The inspector considered that the glass wall had a different appearance from the section of stock brick wall it replaced and that it materially altered the building's external appearance. On that basis, he held that its installation was development under section 55 of the Town and Country Planning Act 1990. He determined that neither the wall nor the spiral staircase formed any part of the proposals for which approval had been granted.
The appellant explained that he intended to complete a glazed roof over an authorised terrace. The glass blocks would then become a window and as such would be permitted development under class A.1(d), part 1, schedule 2 of the General Permitted Development Order 1995, he maintained. But the inspector pointed out that permitted development rights do not apply retrospectively.
The wall was excluded from class A.1(d) because it lay within 2m of the boundary of the dwelling and was more than 4m high, he added.
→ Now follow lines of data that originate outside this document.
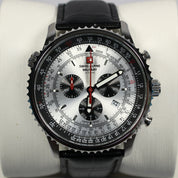 Swiss Alpine Military Men's Silver Dial Black Leather Chronograph Watch 7078.9538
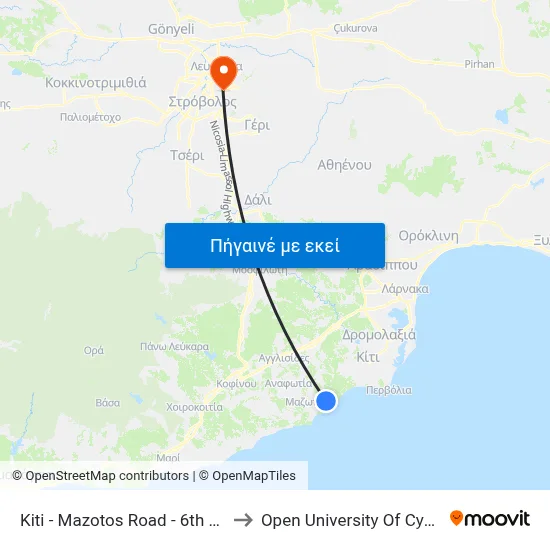 Kiti - Mazotos Road - 6th Stop to Open University Of Cyprus map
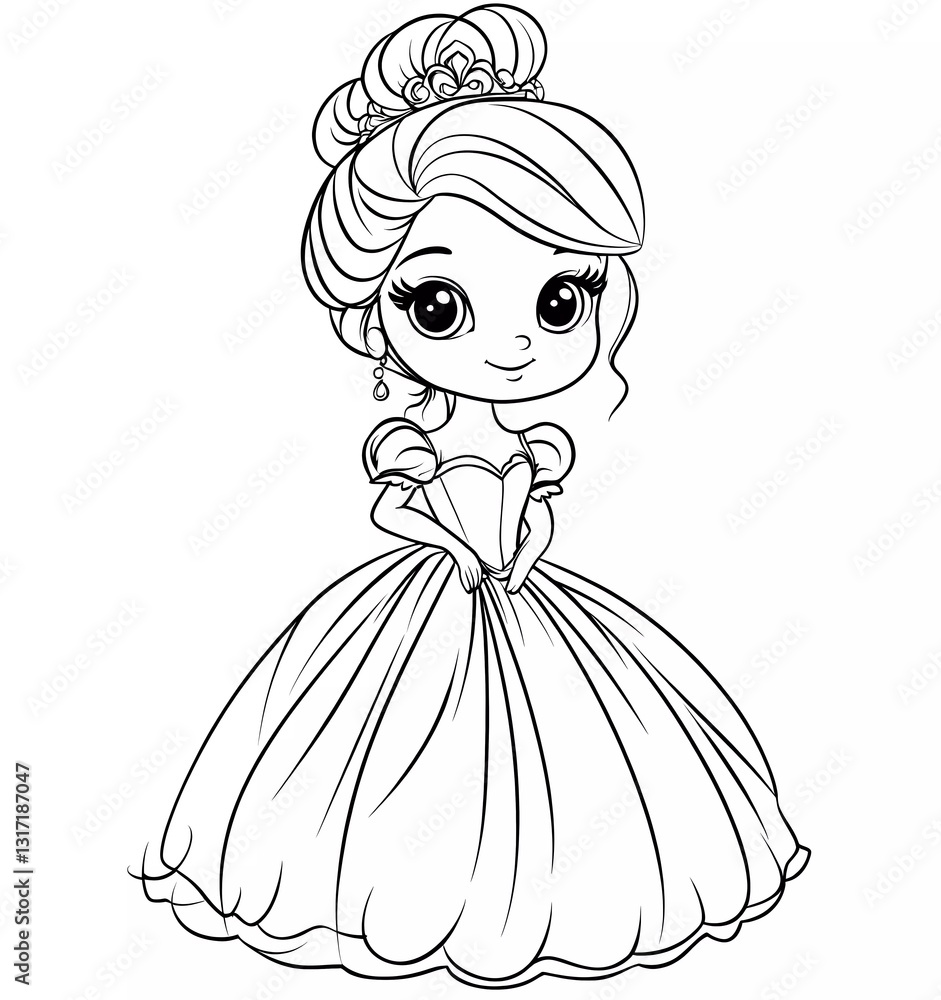 Cute little princess in a beautiful dress coloring page for kids, simple and clean line art style, no background details, white color on black paper, cartoon illustration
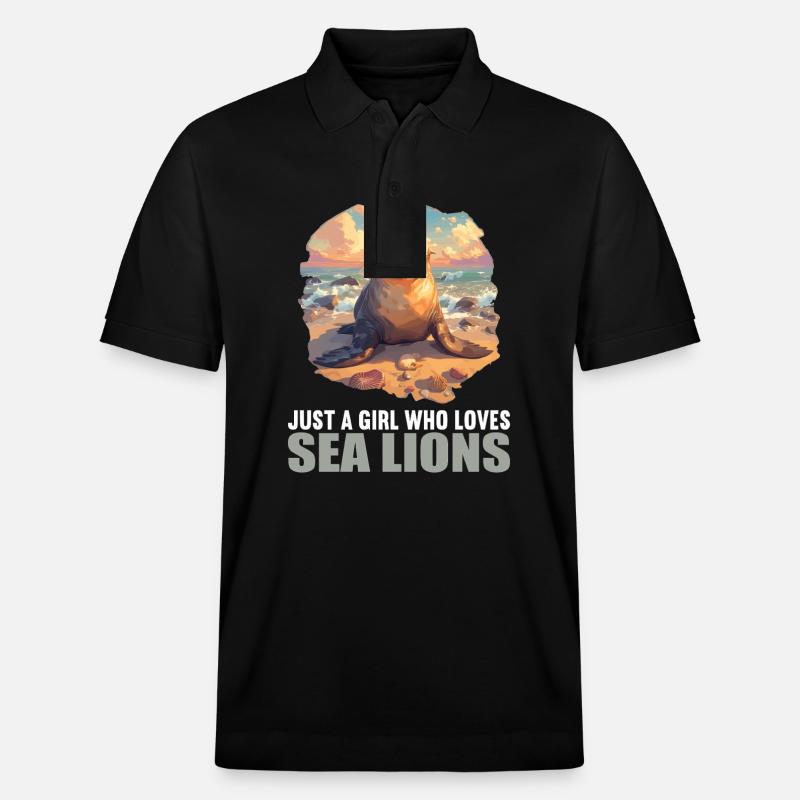Seelöwen Seelöwe - Stanley/Stella Unisex Bio-Poloshirt PREPSTER - Schwarz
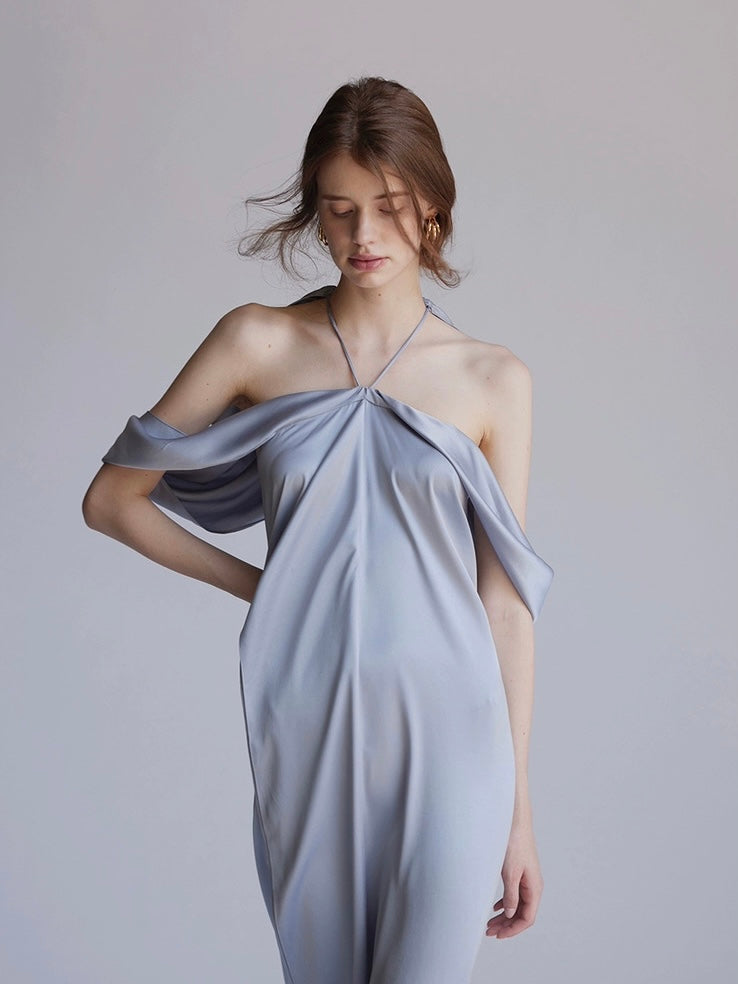 Satin draped halteck dress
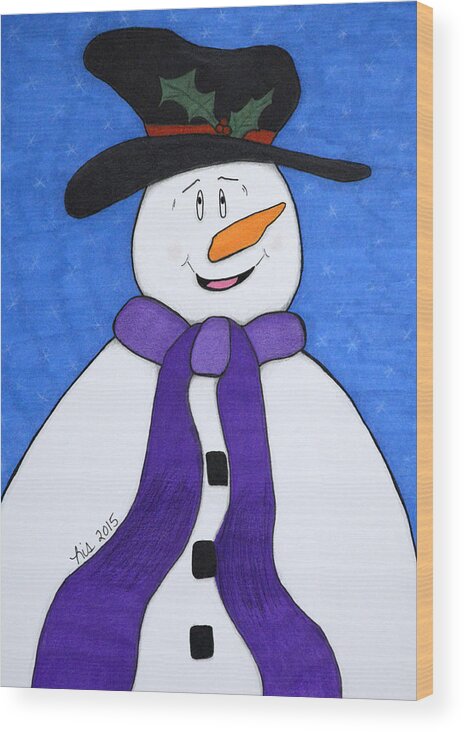 Snowman Wood Print featuring the drawing Happiness Snowman by Lisa Blake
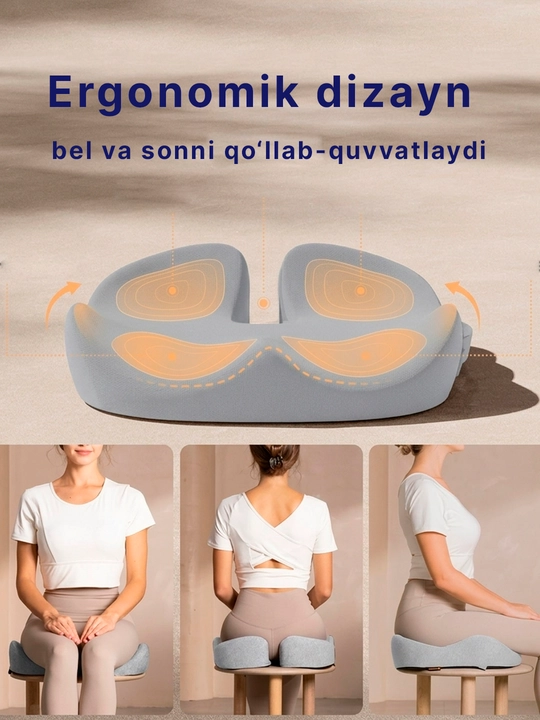 O‘rindiq uchun xotira effektli ortopedik anatomik yostiq, avtomobil va stul uchun
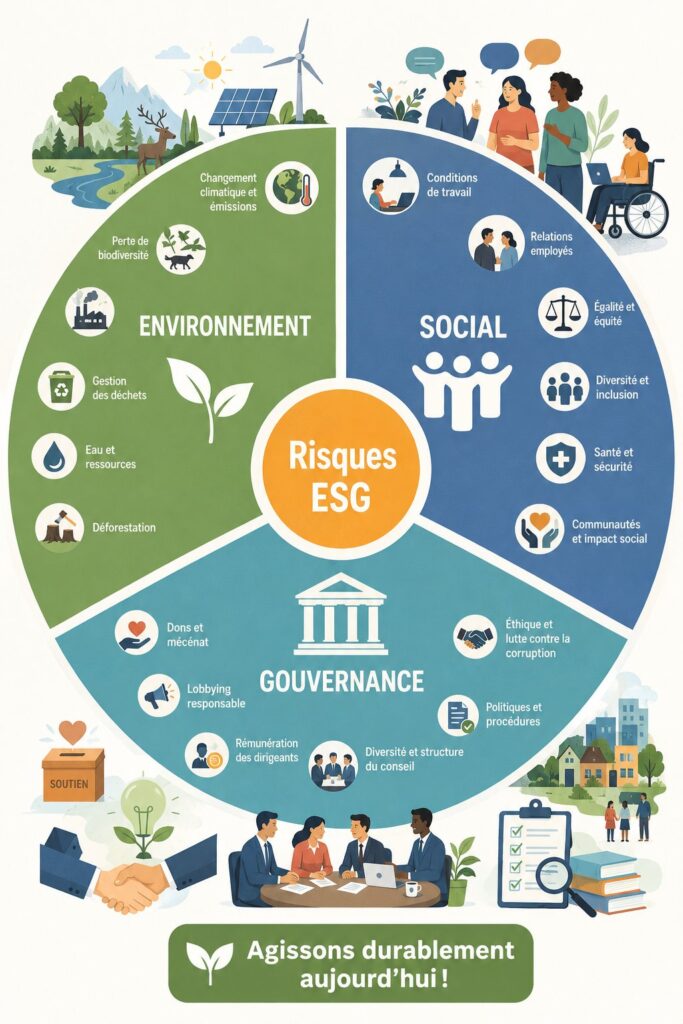 Illustration représentant des éléments de la gouvernance environnementale et sociale au sein d'une entreprise moderne.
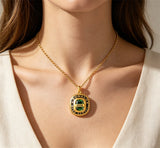 Copper Sterling Silver Personalized Birthstone Engraved Class Graduation Necklace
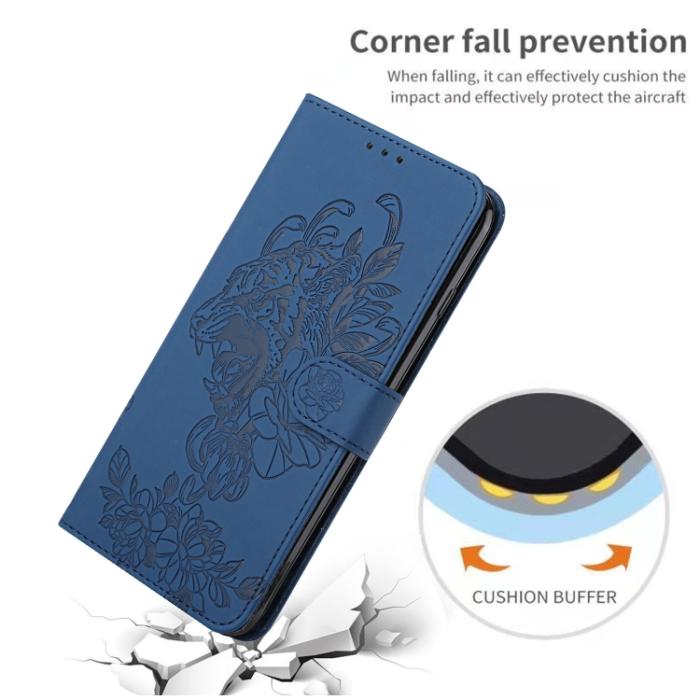 Bild 6, iPhone 14 Pro Fodral Tiger Tryck Royal Blue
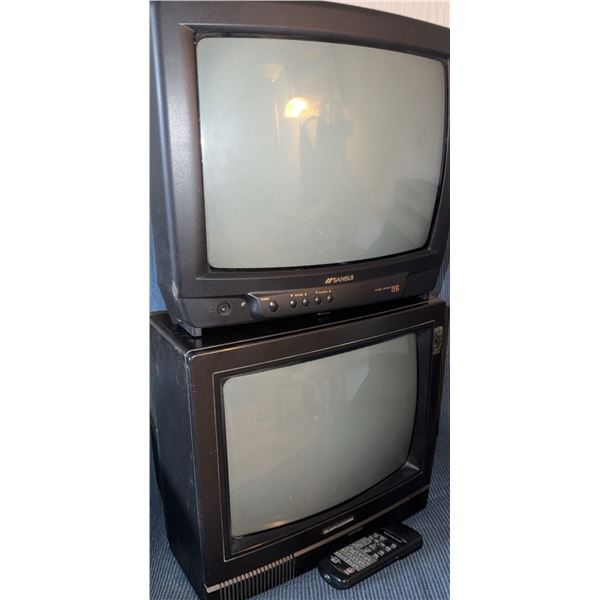 Sansui TVM1315 CRT Television with Antenna and Electrohome 33CG11 TV Receiver with Remote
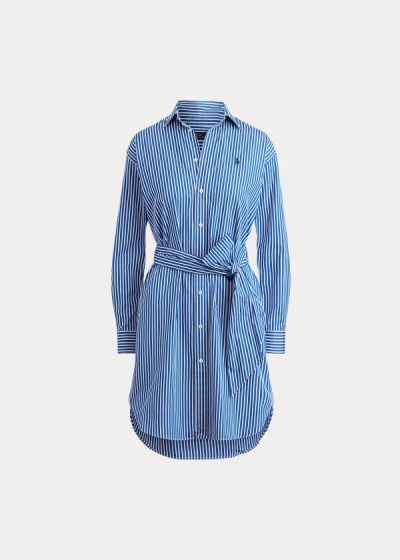 Camisa De Vestir Polo Ralph Lauren Mujer Azules / Blancos - Striped Cotton - WHGEV8961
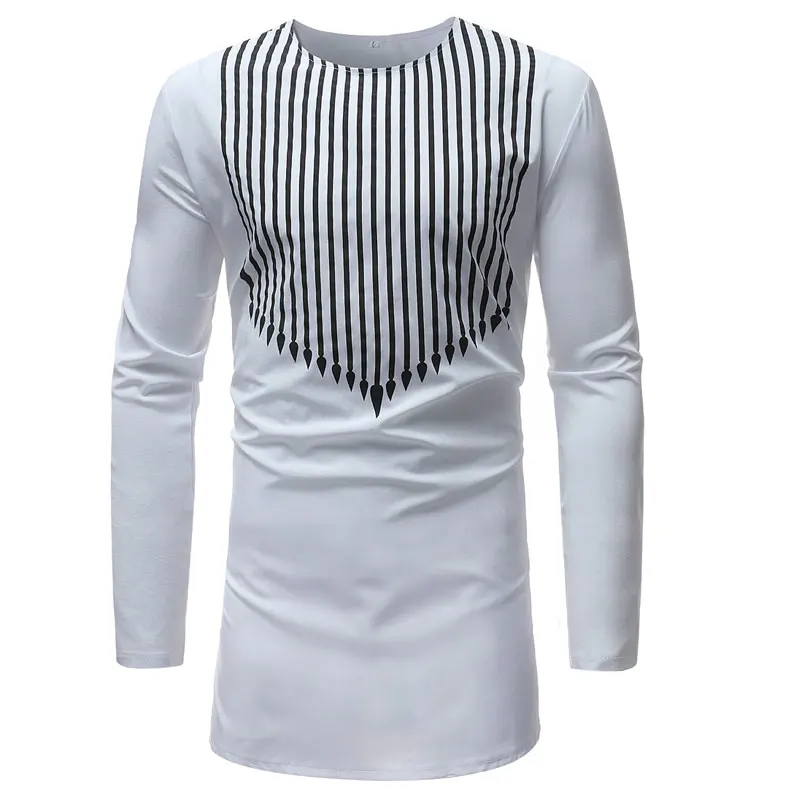 Fashion Striped Print Shirt Men 2017 Brand New African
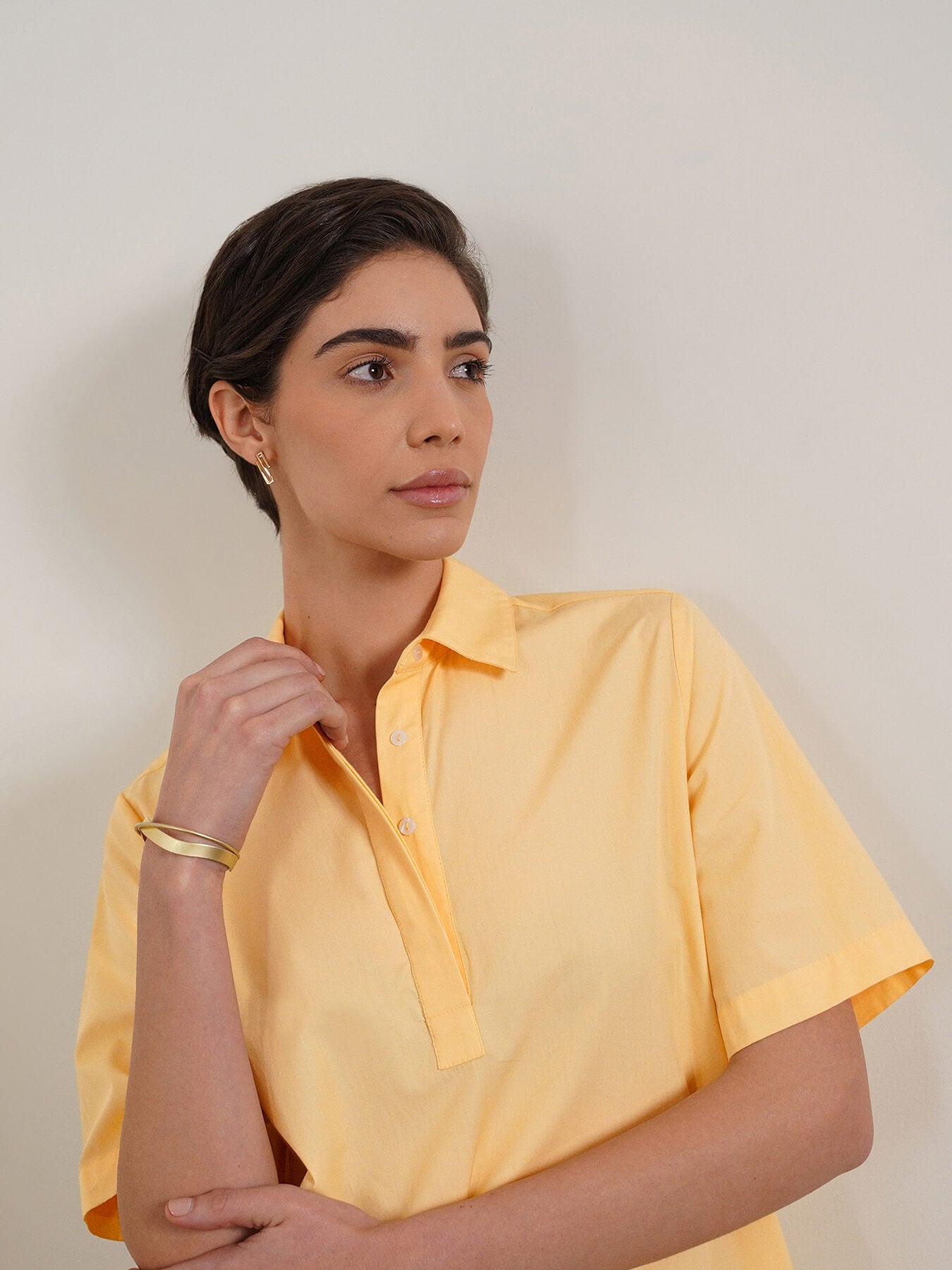 Pure Cotton A-Line Dress - Yellow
On the merits of the development, however, he found that the staircase and glass wall caused no harm to the building's appearance, the conservation area in which it was located or neighbours' living conditions and allowed them to be retained.
The inspector went on to quash an enforcement notice directed against planters installed on the roof of the development. The council contended that they were structures and therefore prohibited by a condition of the planning permission. Citing the tests of size, permanence and physical attachment laid down in the judgement in Cardiff Rating Authority v Guest Keen Baldwin's Iron and Steel Co Ltd (1949), he opined that the small free-standing wooden plant containers could not be regarded as constituting any part of a building for the purposes of section 336 of the act.
DCS No: 100039181; Inspector: Christopher Craig; Hearing.